長距離バスターミナルの目の前の道路に路線バスが走っている。バス停で切符を買おうとしたが、どの切符を買えば良いのか思案していると、先に座っていた二人のお年寄りが助けようとしてくれた。しかし英語が伝わらず、お礼だけ伝えて当てずっぽうな切符を購入した。目当ての7番路線バスはすぐに来た。運転手に切符を差し出し、地図を見せて行き先を伝えると運転手はすぐに了解してくれた。

バス停。クノッソスの表示もある。

バスは市内を抜けて、バスなんか通れないだろうと思えるほど狭い道を進み、小高い丘を一周してから今夜のホステル前に停車した。

切符を切られる🎫

ホステルには年配の男性がいた。
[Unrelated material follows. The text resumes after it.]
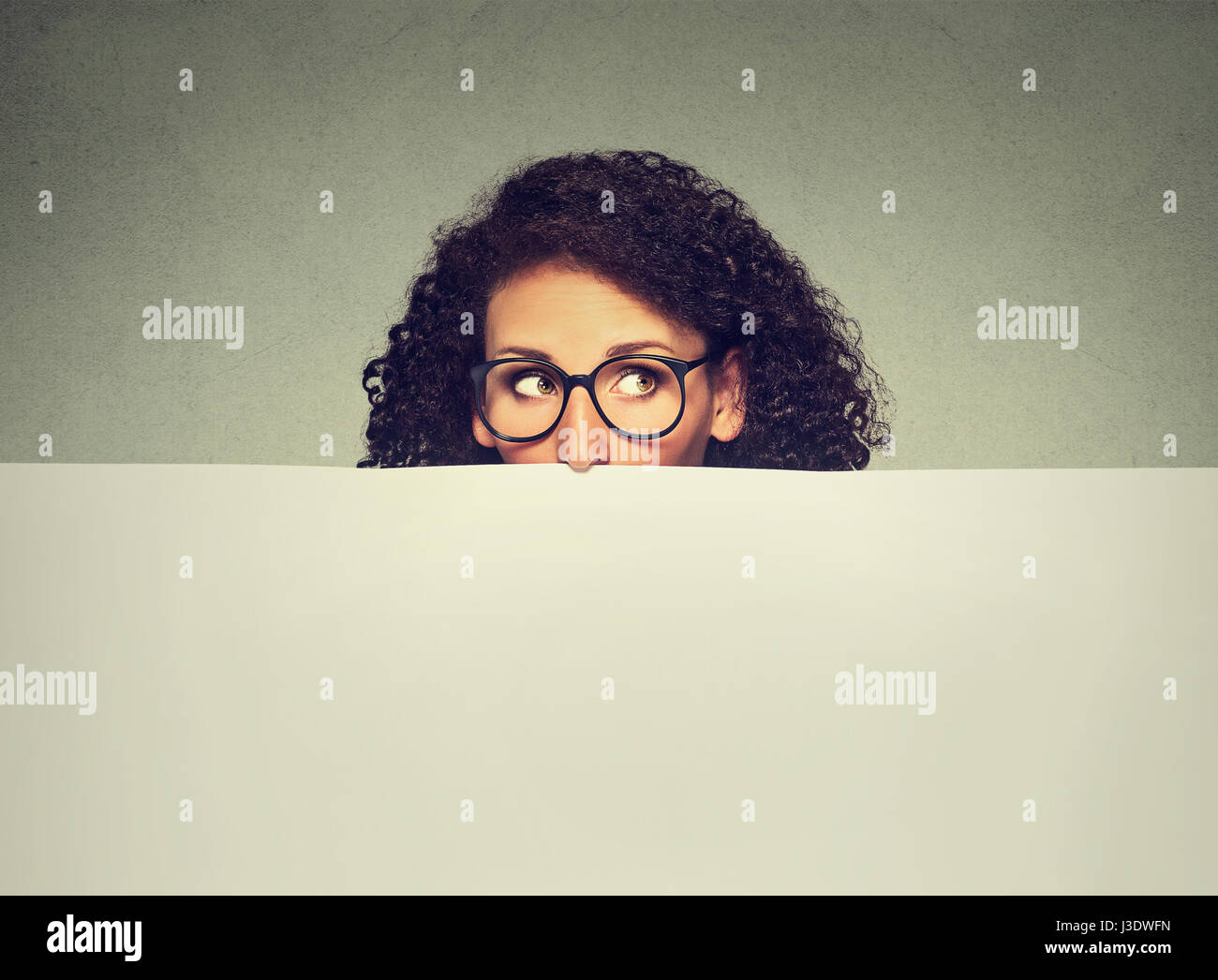 Femme d'enseigne vierge de papier vide avec copie espace pour le texte. Belle femme dans les verres à surpris et curieux Banque D'Images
風貌はバイデン大統領をもう少しコミカルにした感じだろうか。独特な緊張感と寝不足も相まって、自分でも恐ろしく拙い英語になってしまった。のちにわかったことだが、彼はオーナーのお父さんだった。とにかく自分に一台のベッドを当てがってくれ、リネンを渡してくれた。シャワーを浴びて、自分はベッドに突っ伏した。
11時に目が覚める。オーナーが帰ってきていたので、改めてパスポートを見せてチェックインをやり直した。このホステルの地下はレントルームになっていて、ドイツから早期退職をして移り住んで来た夫婦がゆるゆると暮らしていた。まだ40代と思われる。どうやってFIREしたのかは聞き損ねたが、彼がスイカを自分とオーストラリアからきた18歳の若者にご馳走してくれた。🍉

14時半になって、ふと今日のうちに観光を終わらせておきたいと思った。スイカを一緒に食べていた二人に何番のバスが市内まで行くか聞いて、少し離れたバス停に向かった。ちょうど目の前でバスが行ってしまい、日差しが強い中、小一時間待つ羽目になったが、次に来たバスに飛び乗った。運賃は2.5€と少し高い。
市内まで出てきて、クノッソス宮殿行きのバスに乗り換える。チケット係が立っていて、1dayパスが5€でお得だと言われたので購入した。最初から知っていたら、ホステルまでの往復料金も浮いたのに。初めての土地ではこのような小さい出費はしょうがない。経験して学んでいくしかないのだ。
2番のバスがクノッソス行きのバスなのでそれに乗り込む。市内のバスは結構頻繁に流れていた。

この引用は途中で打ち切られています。